EKBIS.CO, JAKARTA -- Direktur Strategis dan Portofolio Pembiayaan Ditjen Pengelolaan Pembiayaan dan Risiko Kementerian Keuangan Scenaider Siahaan mengingatkan soal kehati-hatian penarikan Utang Luar Negeri (ULN) oleh swasta. Ia menilai ULN swasta riskan sebab berpeluang membuat depresiasi rupiah.
"Kalau utangnya produktif, untuk belanja modal, itu harapan kita bisa dari dalam negeri, tidak perlu pinjam," kata dia.
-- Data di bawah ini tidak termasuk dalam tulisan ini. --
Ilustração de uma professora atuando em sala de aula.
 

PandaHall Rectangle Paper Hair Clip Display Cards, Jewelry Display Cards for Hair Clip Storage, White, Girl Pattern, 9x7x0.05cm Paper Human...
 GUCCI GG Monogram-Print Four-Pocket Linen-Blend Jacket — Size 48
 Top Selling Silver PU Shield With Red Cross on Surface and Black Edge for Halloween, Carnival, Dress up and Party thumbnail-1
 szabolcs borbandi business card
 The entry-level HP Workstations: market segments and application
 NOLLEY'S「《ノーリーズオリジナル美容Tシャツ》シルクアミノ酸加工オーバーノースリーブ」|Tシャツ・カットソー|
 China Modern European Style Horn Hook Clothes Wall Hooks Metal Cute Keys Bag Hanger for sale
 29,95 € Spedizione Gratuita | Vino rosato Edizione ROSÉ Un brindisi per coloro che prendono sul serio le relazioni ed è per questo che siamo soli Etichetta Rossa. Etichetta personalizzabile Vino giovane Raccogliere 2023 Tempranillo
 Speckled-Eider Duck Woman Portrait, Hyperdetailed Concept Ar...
Ia menilai pemasukan aset dari luar negeri dengan utang tidak menjamin kualitas barang tersebut baik. Di sejumlah kasus, barang-barang tersebut rentan rusak. Utang luar negeri juga diarahkan agar tidak banyak dialokasikan untuk barang-barang konsumsi.
Secara keseluruhan, menurutnya, perlambatan ULN di sektor swasta bagus karena berarti mengurangi impor. Tapi pemantauan harus dilakukan BI agar tidak sampai menimbulkan perlambatan ekonomi. Apalagi pemerintah pun menggulirkan sejumlah paket kebijakan agar usaha multisektor siap menghadapi perlambatan ekonomi global.
Di sisi lain, pemerintah masih akan menambah ULN di 2016 untuk meningkatkan cadangan devisa yang masih defisit. "Pemerintah akan mengatur porsi utang valas maksimal 30 persen di 2016," katanya.
Untuk paruh pertama 2016, porsi penerbitan utang akan mencapai 70 persen. Namun porsi tersebut tergantung posisi Saldo Anggaran Lebih (SAL) pada akhir 2015. Jika nominal SAL besar, penarikan utang di awal tahun atau front loading akan dilakukan tak terlalu besar.